Mi sono trasferita a Milano nel 2014. Fino ad allora ero sempre vissuta in casa dei miei genitori dove il caffè era uno solo: quello della Moka. In tempi più recenti in cucina era comparsa anche una macchina del caffè con le capsule ma non era mai riuscita a raggiungere l’importanza della Moka rosso fuoco sempre troneggiante sui fornelli. A Milano sono venuta a conoscenza con una new wave del caffè che proprio in quel periodo stava crescendo fino a travolgere tutta la città, in cui hanno iniziato a spuntare a ogni angolo insegne reclamizzanti specialty coffee, caffè filtro, chemex, V60 e altre sigle astruse. Baristi con baffi hipster hanno iniziato a trattarci da inesperti se mettevamo lo zucchero nel caffè o chiedevamo se era possibile accelerare un pochino i tempi perché stavamo aspettando che il nostro caffè si filtrasse da 20 minuti. Fast forward a otto anni dopo: a casa mia ci sono due diverse macchine per fare il caffè filtro e una Nespresso. Ma niente Moka.
La “moda” del caffè ci ha insegnato che noi italiani non siamo i più bravi del mondo a fare i caffè e la qualità media degli espresso al bar è pessima – il più delle volte sono bruciati e bevibili solo perché li buttiamo in giù in fretta. Ci ha fatto conoscere la filiera del caffè e le sue varie tipologie, assecondando i nostri gusti, e perfino ad abbinarlo con i cibi giusti. Ma forse ci ha fatto dimenticare la bellezza di una Moka fatta a regola d’arte. Ne abbia parlato con Fabio Dotti, coffee ambassador del gruppo Agust, che ci ha raccontato i segreti per fare una Moka perfetta.
Come fare la Moka: l’acqua
Prima di tutto bisogna scegliere la Moka giusta, che deve essere di acciaio inox o alluminio di ottima qualità. Poi un’altra scelta che apparentemente sembra poco importante ma non lo è affatto: l’acqua. “Non ci pensiamo mai, ma l’acqua è fondamentale,” spiega Dotti. “Purtroppo quella ‘del sindaco’, dai rubinetti, non è quella ideale. Non sappiamo cosa c’è sciolto dentro o quanto cloro contenga. Sarebbe meglio un’acqua filtrata o imbottigliata con residuo fisso medio-basso, PH tra sei e mezzo e otto e durezza 50-175 pm.”

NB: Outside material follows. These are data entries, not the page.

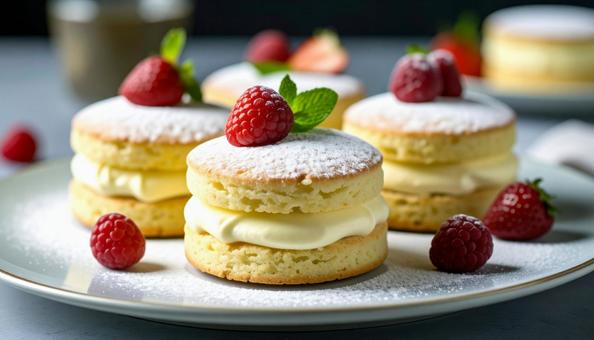 美味しそうなラズベリーのケーキの写真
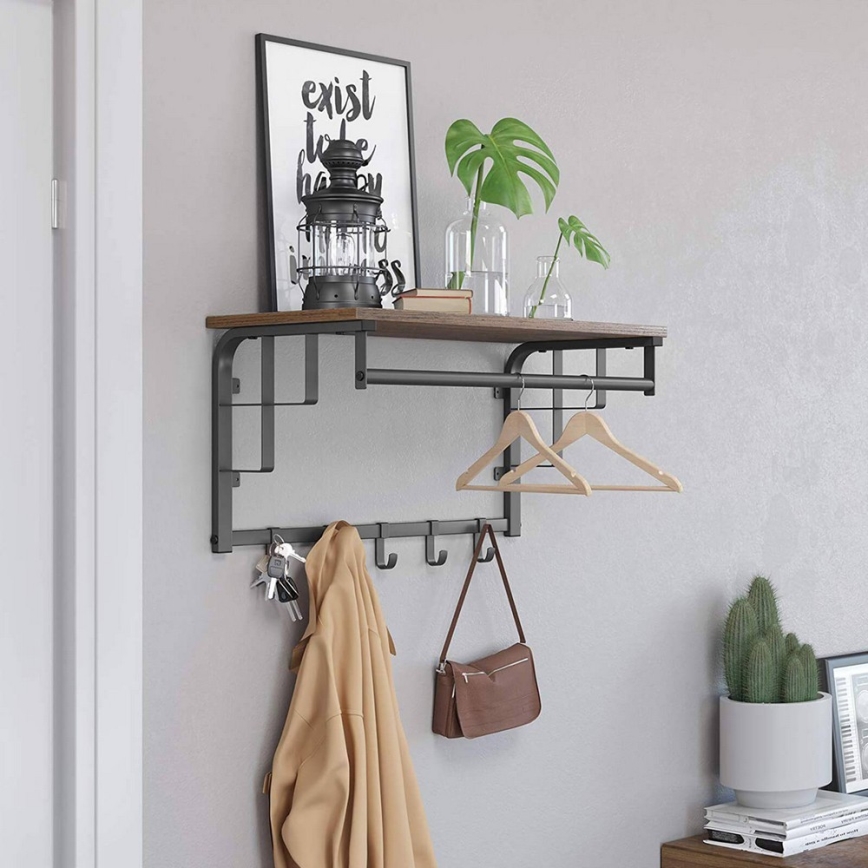 NATE Wall-Mounted Coat Rack with Shelf — Brown/Black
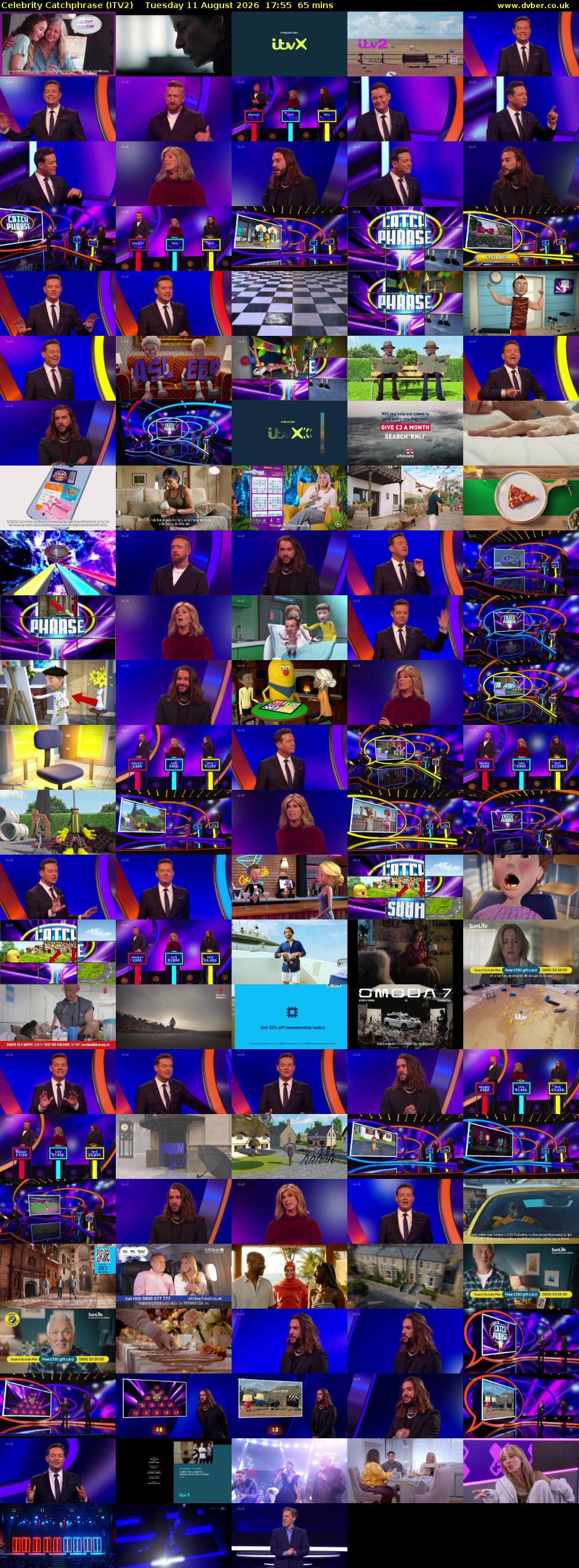 Celebrity Catchphrase (ITV2) Tuesday 11 August 2026 17:55 - 19:00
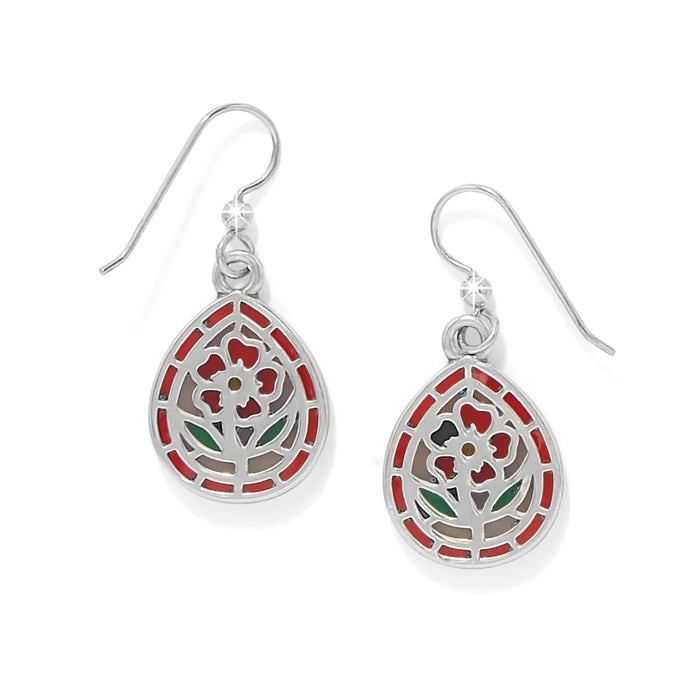 Brighton drop earrings with silver-plated teardrop frames featuring red floral stained-glass style design on a white background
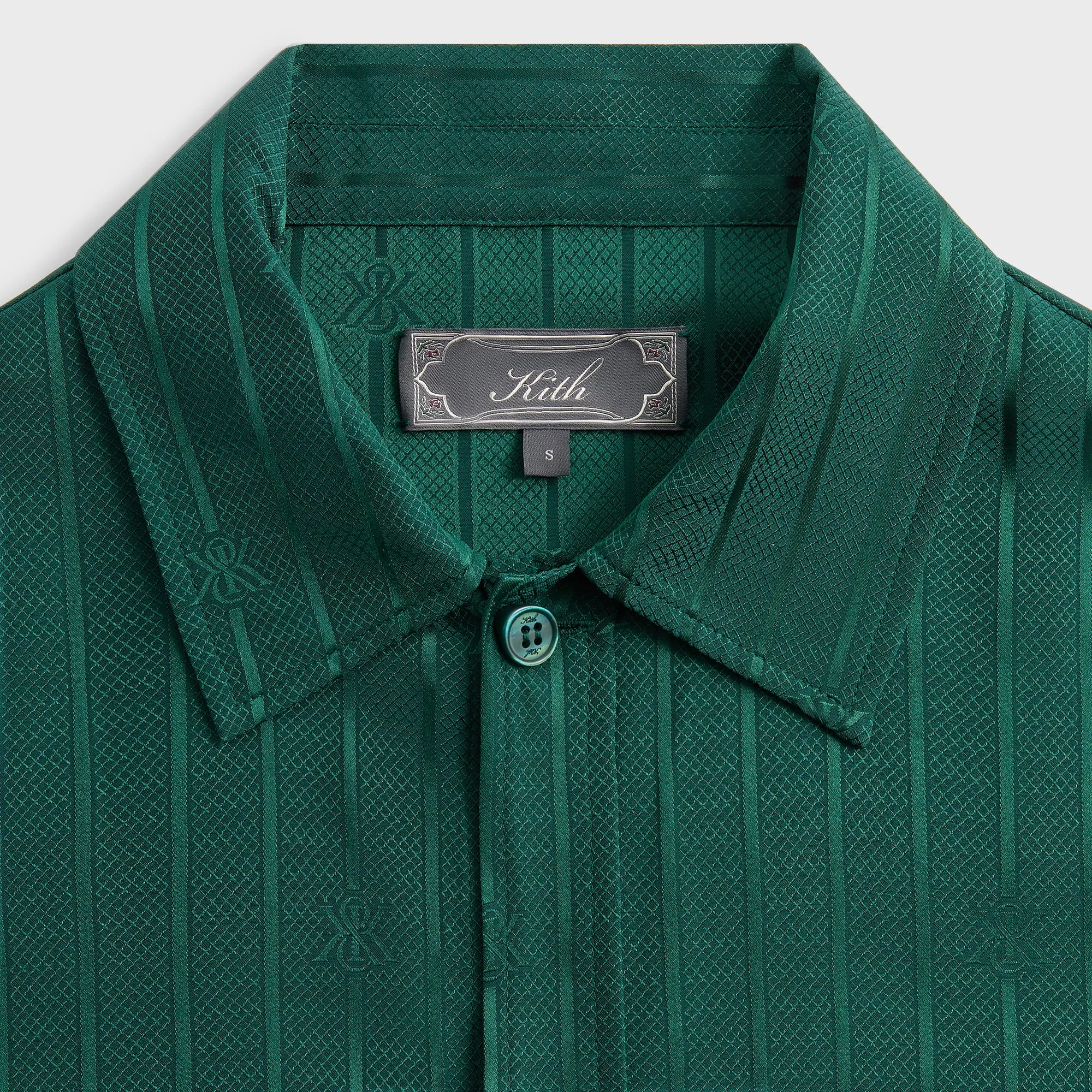 Simple Look Flex Fit Fabric Kith Crest Logo Boxy Collared Overshirt - Fairway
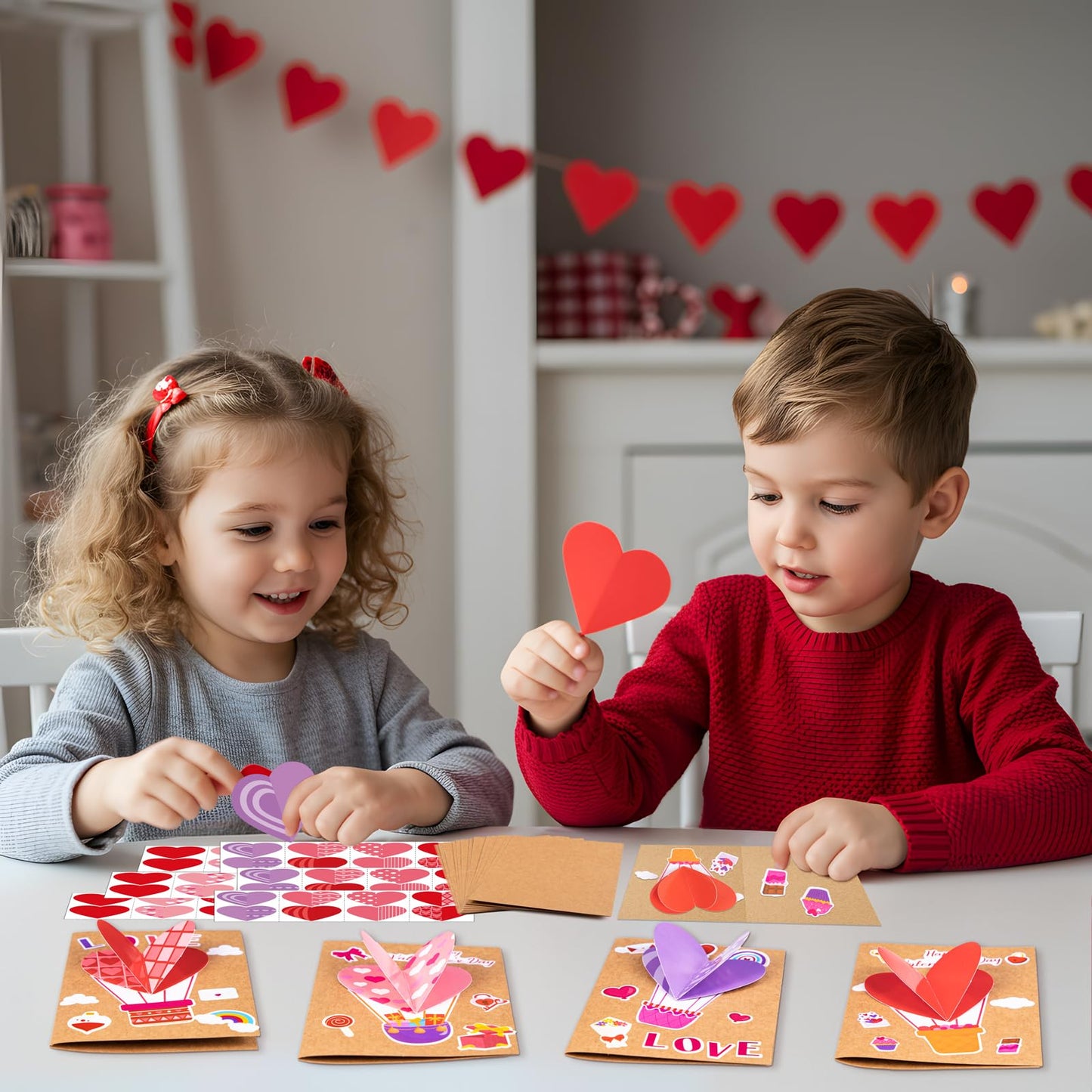 80UncleKimby 28Sets Valentines Day Crafts Card Making Kit DIY 3D Heart Cards with Envelopes Conversation Hearts Arts Craft Classroom Exchange Party Favors Bulk Supplies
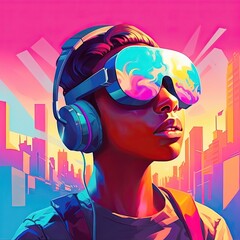 Illustration of young POC woman with headphones and vr headset gazing colorful metaverse cityscape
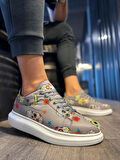 J046 Bağcıklı Ortopedik Taban Renkli Kurukafa Baskılı Erkek Günlük Sneaker Spor Ayakkabı BT Gri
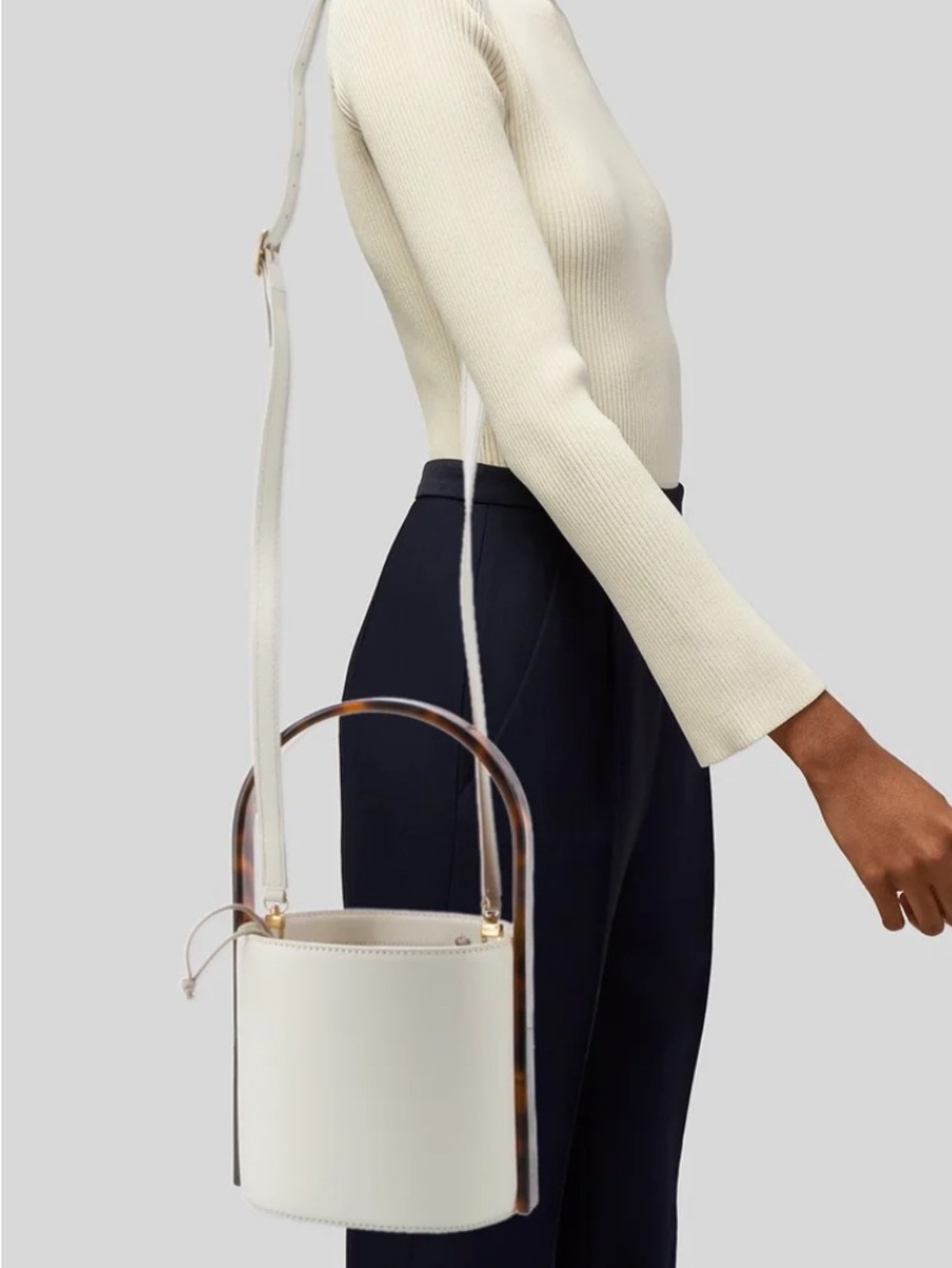 Staud Cream Bucket Bag with Tortoiseshell Handle - Picture 2 of 6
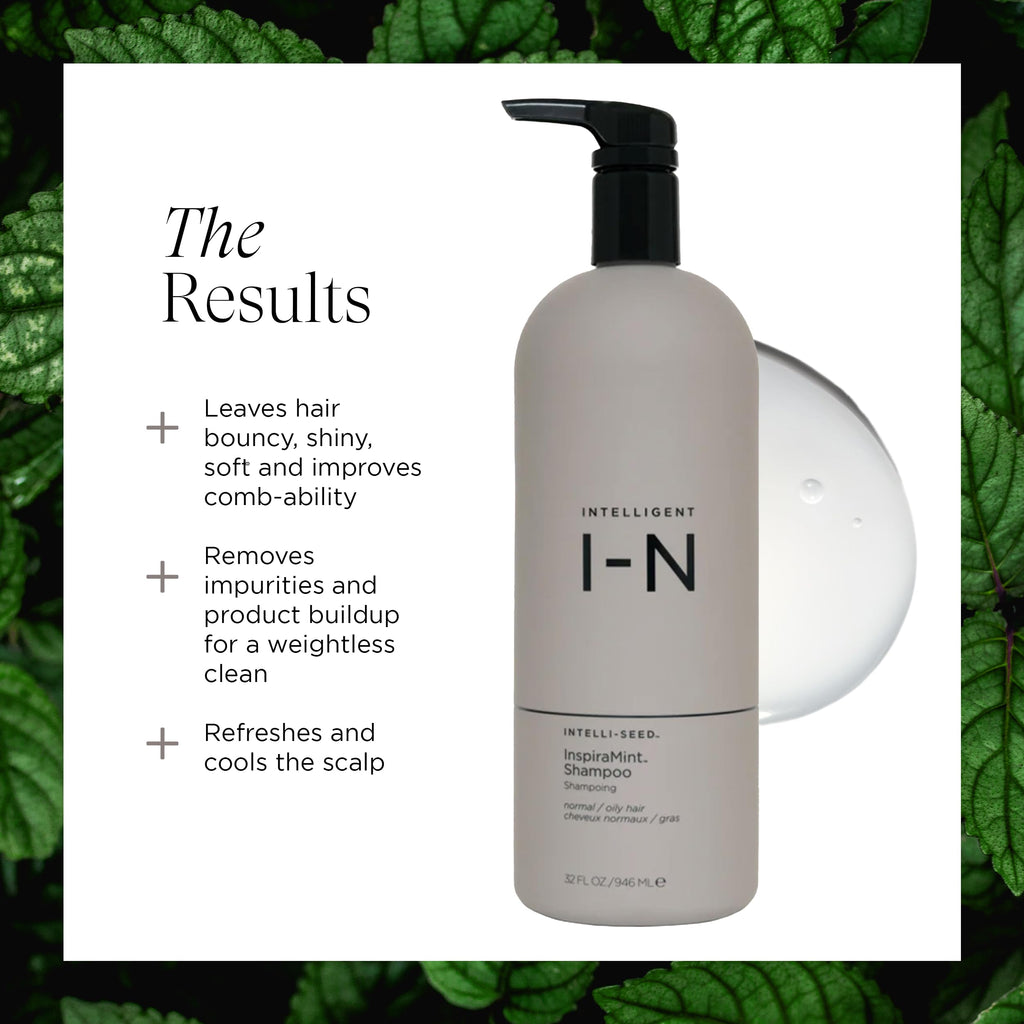 Intelligent Nutrients InspiraMint Shampoo – Invigorating Mint Daily Shampoo for Fine & Oily Hair | Color-Safe, Vegan, 32 oz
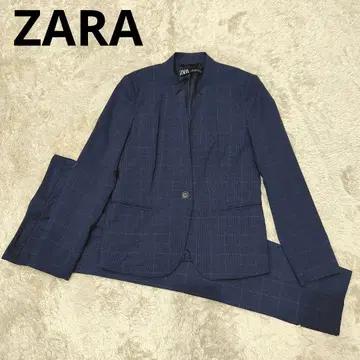 ZARA 팬츠 수트 셋업 체크 블루 노카라 40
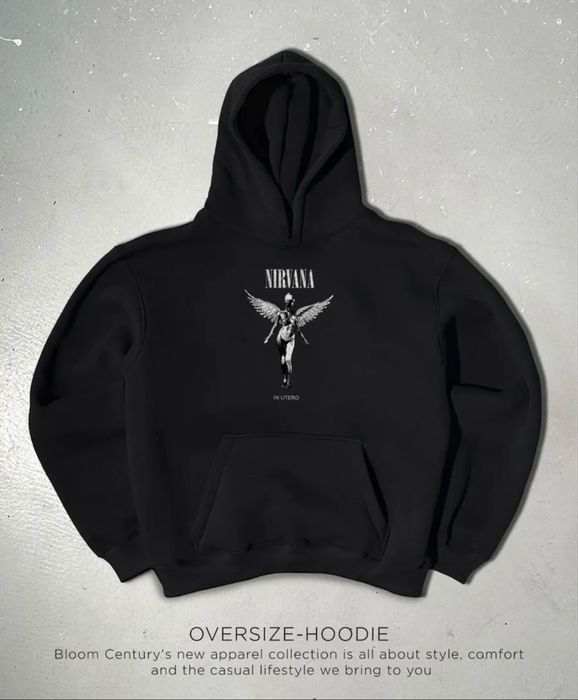 Худи оверсайз с капюшоном и начесом с принтом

Vi sembra già un sacco di lavoro? Beh, pensiamo a quanto tempo spendiamo per scegliere il vino giusto all’enoteca, o le verdure al mercato: perché il caffè, una cosa che la maggior parte di noi beve tutti i giorni, dovrebbe ricevere meno attenzioni? È importante anche capire quanta acqua mettere: per ogni grammo di caffè ci vanno 10 grammi di acqua (quindi in media per una Moka da circa tre persone 15 grammi di caffè). La temperatura dell’acqua è un tema che divide molto i puristi ma Dotti non ha dubbi: va riscaldata a 45-50 gradi.
La Moka Perfetta: Trucchi
Siamo arrivati al momento di mettere il caffè macinato dentro la Moka: non bisogna creare montagnette o dislivelli e nemmeno premere eccessivamente. Bisogna mettere la Moka a fuoco basso con il coperchio aperto. Ebbene sì, aperto. Vi stiamo togliendo la poesia e smontando uno per uno tutti gli stereotipi sulla Moka? Ne smontiamo un altro: non bisogna aspettare che il caffè gorgogli per togliere la Moka dal fuoco perché nel frattempo il caffè potrebbe già essere bruciato. Dovete spegnere il fornello quando ormai il caffè è quasi salito del tutto e lasciarci sopra la Moka per farlo finire di salire. Vi verrà più facile controllare questo momento se appunto tenete il coperchio aperto.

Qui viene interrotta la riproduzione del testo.